Question D.4: The parabolic semisegment OAB shown in Fig. D-15 has base b ...
The parabolic semisegment OAB shown in Fig. D-15 has base b and height h. Using the parallel-axis theorem, determine the moments of inertia I_{xc} and I_{yc} with respect to the centroidal axes x_{c} and y_{c}.

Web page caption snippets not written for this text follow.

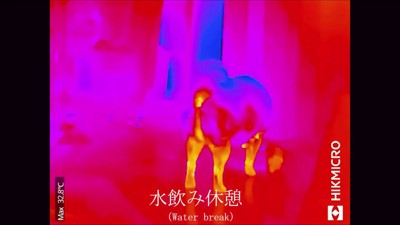 水飲み場へ移動
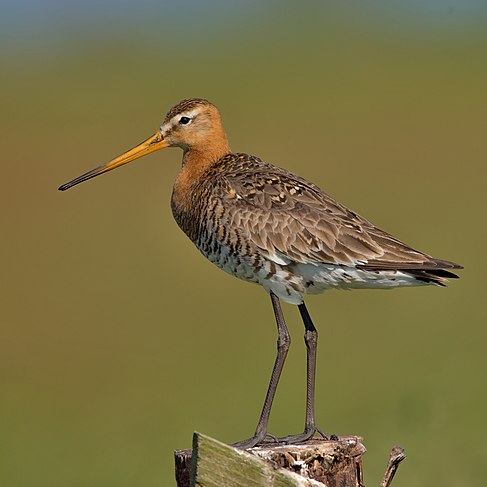 A black-tailed godwit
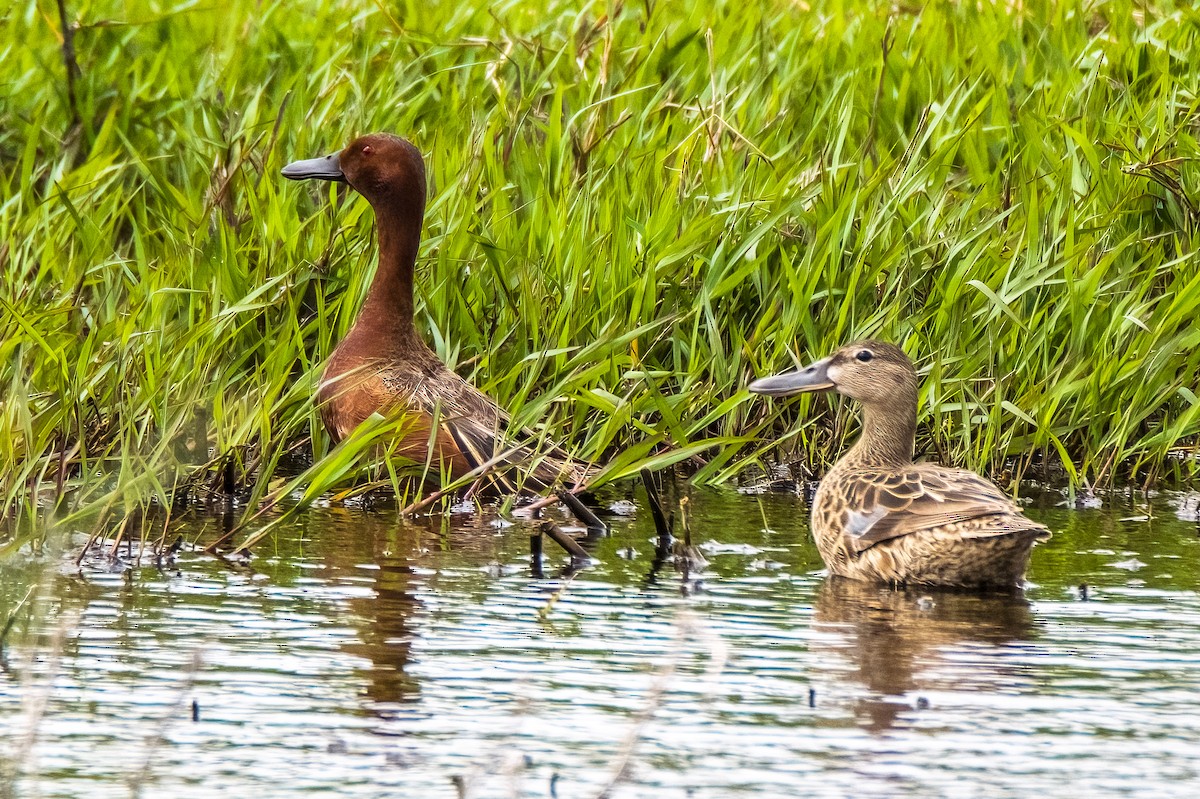 Cinnamon Teal - Vic Hubbard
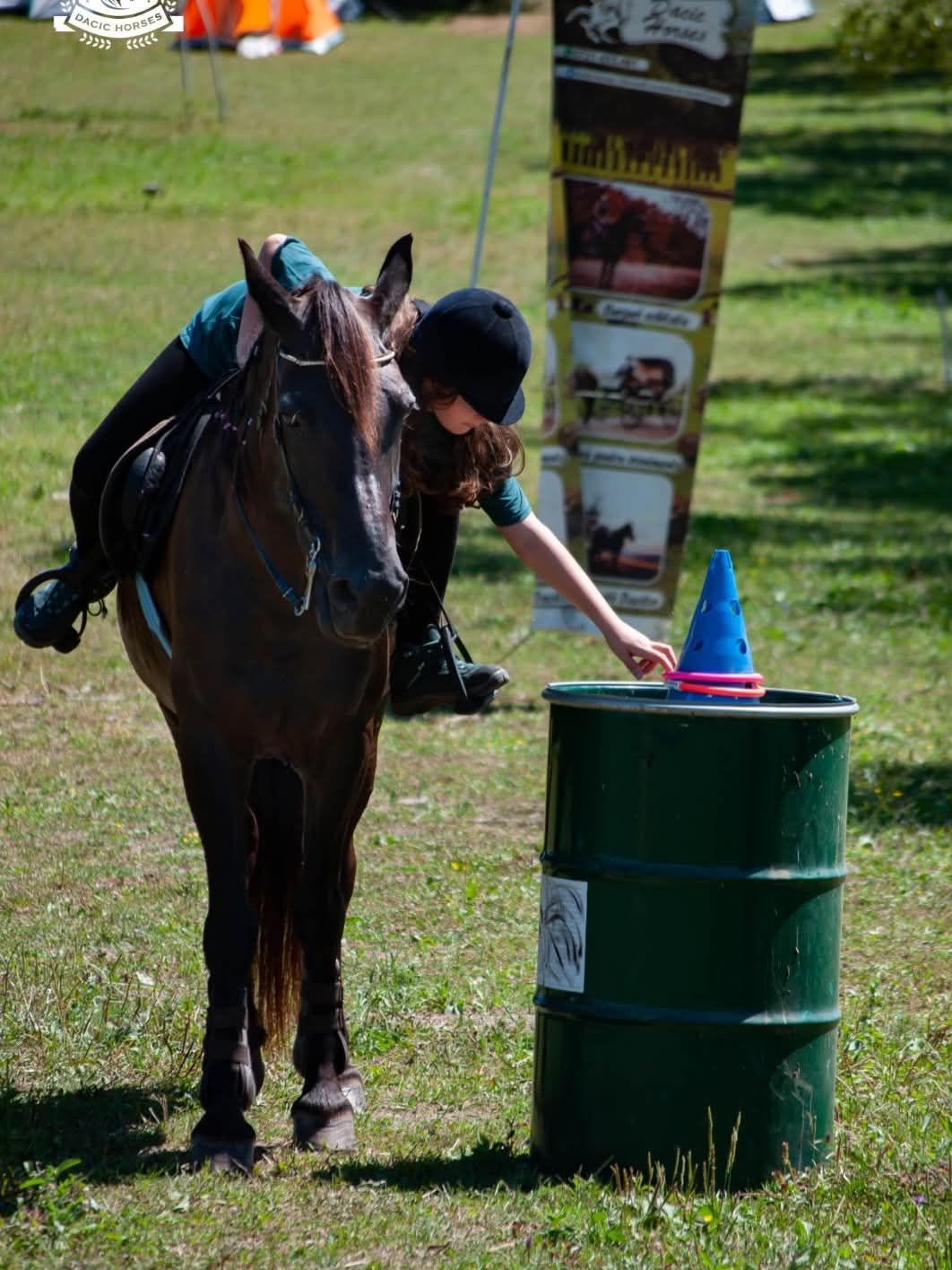 Exercițiu de Working Equitation: călăreață care ridică un inel de pe un butoi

Use the parallel-axis theorem (rather than integration) to find the centroidal moments of inertia because the area A, the centroidal coordinates \bar{x} and \bar{y}, and the moments of inertia I_{x} and I_{y} with respect to the x and y axes are already known. These quantities were obtained earlier in Examples D-1 and D-3 (they also are listed in Case 17 of Appendix E) and are repeated here:
A=\frac{2 b h}{3} \quad \bar{x}=\frac{3 b}{8} \quad \bar{y}=\frac{2 h}{5} \quad I_{x}=\frac{16 b h^{3}}{105} \quad I_{y}=\frac{2 h b^{3}}{15}To obtain the moment of inertia with respect to the x_{c} axis, use Eq. (D-17) and write the parallel-axis theorem as
I_{x c}=I_{1}-A d_{1}^{2} (D-17)
I_{x c}=I_{x}-A \bar{y}^{2}=\frac{16 b h^{3}}{105}-\frac{2 b h}{3}\left(\frac{2 h}{5}\right)^{2}=\frac{8 b h^{3}}{175} (D-19a)
In a similar manner, obtain the moment of inertia with respect to the y_{c} axis:
I_{y c}=I_{y}-A \bar{x}^{2}=\frac{2 h b^{3}}{15}-\frac{2 b h}{3}\left(\frac{3 b}{8}\right)^{2}=\frac{19 h b^{3}}{480} (D-19b)